_What you will do_.
Retype the following records exactly and exclude the pictures.

_Records to process_.

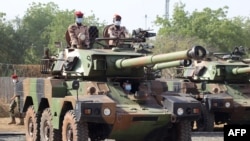Tentara Chad mengendarai kendaraan lapis baja ringan ERC 90 Sagaie yang diberikan oleh Perancis, di N'Djamena, Chad, 23 Januari 2021.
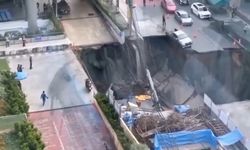 Tayland'da yol çöktü; 50 metrelik çukur oluştu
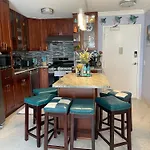 Amazing Waikiki Beach Condo 2Bed2Bath+Free Parking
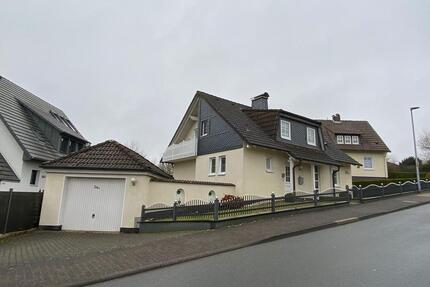 Einfamilienhaus in sehr guter Lage Korbachs zu vermieten.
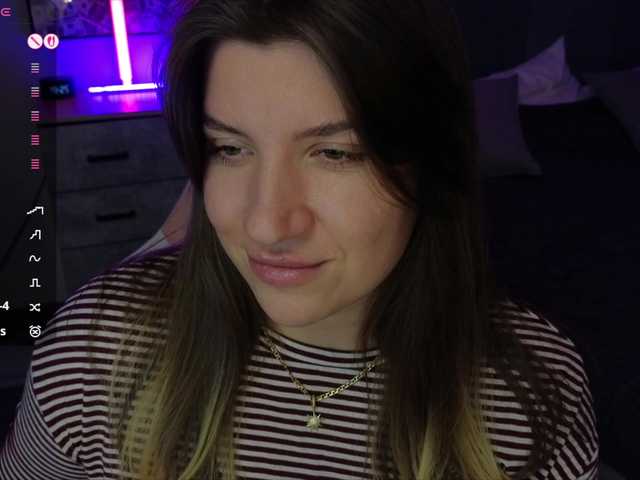 BloomBambi's BongaCams show and profile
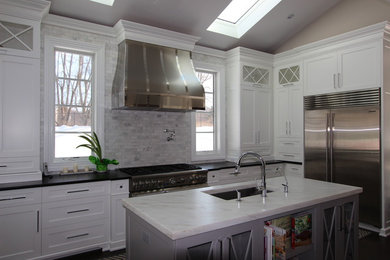 Inspiration for a contemporary kitchen remodel in New York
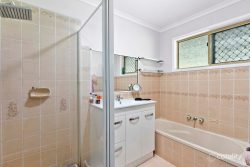 485 Torbanlea Pialba Rd, Takura QLD 4655, Australia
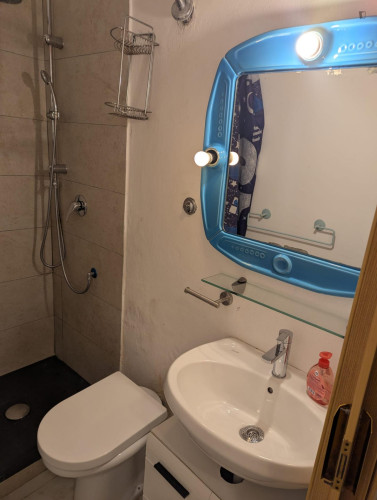 Single bedroom, with private bathroom, in 4-bedroom apartment - Gallery - 5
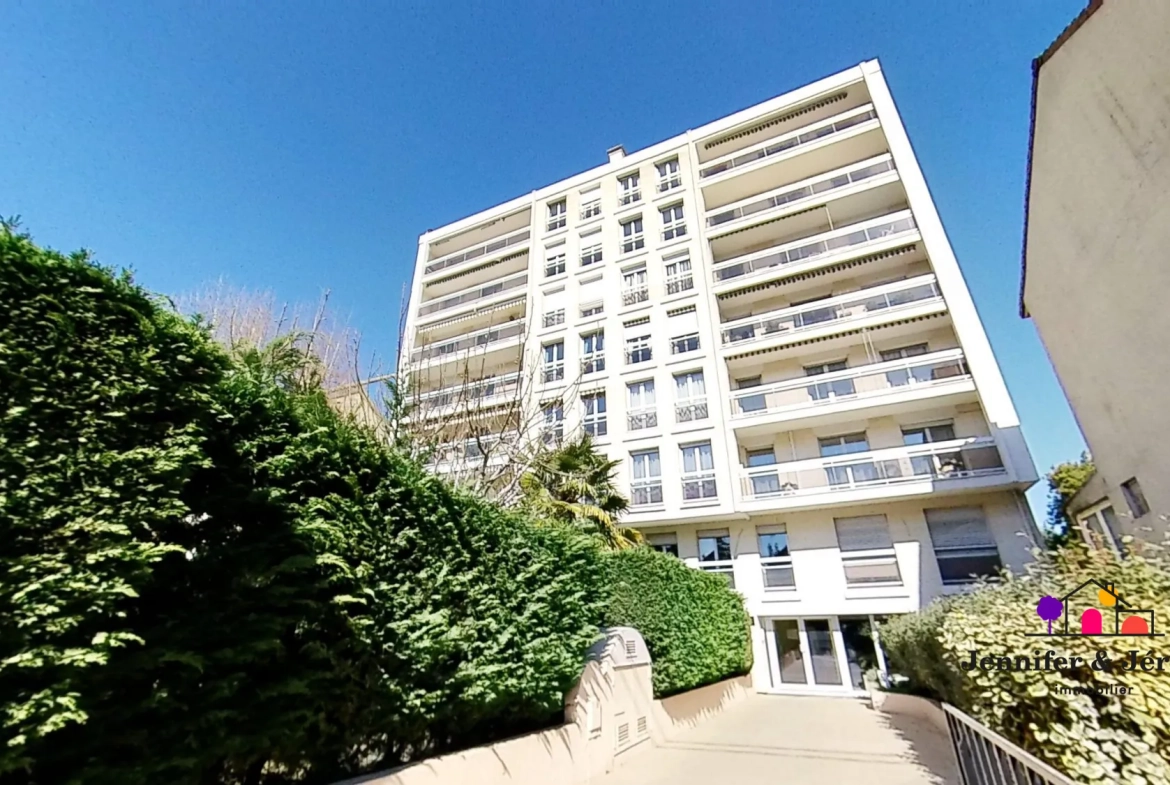 Appartement T1 avec Vue Dégagée à Montmorency – 28,56 m²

_Your solution_.
Tentara Chad mengendarai kendaraan lapis baja ringan ERC 90 Sagaie yang diberikan oleh Perancis, di N'Djamena, Chad, 23 Januari 2021.
 Tayland'da yol çöktü; 50 metrelik çukur oluştu
 Amazing Waikiki Beach Condo 2Bed2Bath+Free Parking
 Einfamilienhaus in sehr guter Lage Korbachs zu vermieten.
 BloomBambi's BongaCams show and profile
 Inspiration for a contemporary kitchen remodel in New York
 485 Torbanlea Pialba Rd, Takura QLD 4655, Australia
 Single bedroom, with private bathroom, in 4-bedroom apartment - Gallery - 5
 Appartement T1 avec Vue Dégagée à Montmorency – 28,56 m²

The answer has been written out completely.